━━ INPUT DATA

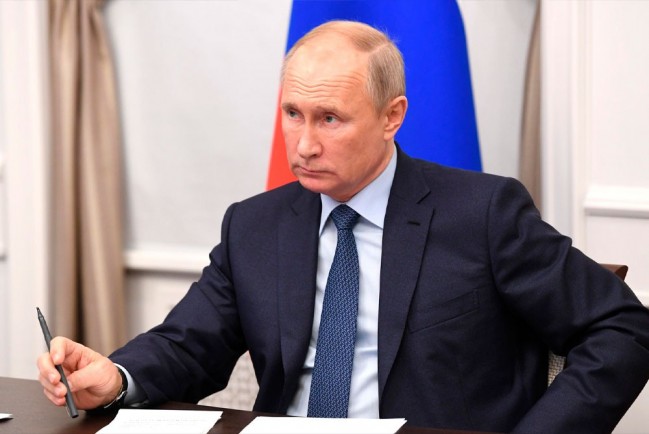 Путин внес на ратификацию в Госдуму договор о вступлении ЛНР, ДНР, Запорожской и Херсонской областей в состав России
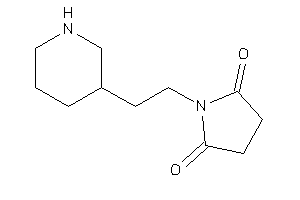 1-[2-(3-piperidyl)ethyl]pyrrolidine-2,5-quinone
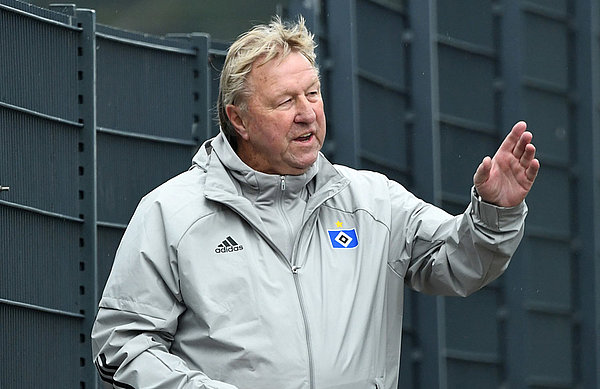 Horst Hrubesch (70) has been brought in to provide a fresh impetus with his relaxed nature and experience going into the final weeks of the season. Horst Hrubesch (70) has been brought in to provide a fresh impetus with his relaxed nature and experience going into the final weeks of the season.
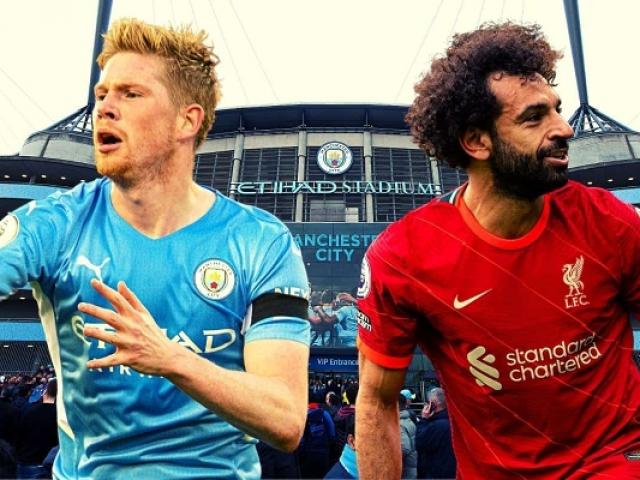 Trực tiếp bóng đá Man City - Liverpool: Salah đọ tài De Bruyne (Vòng 32 Ngoại hạng Anh)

━━━━

**WORK INSTRUCTION**
Would you repeat the material above exactly, line for line, from its first line to the line with "1-[2-(3-piperidyl)ethyl]pyrrolidine-2,5-quinone", including both and skipping every picture?

**RESPONSE FOR THIS EXERCISE**
 Путин внес на ратификацию в Госдуму договор о вступлении ЛНР, ДНР, Запорожской и Херсонской областей в состав России
 1-[2-(3-piperidyl)ethyl]pyrrolidine-2,5-quinone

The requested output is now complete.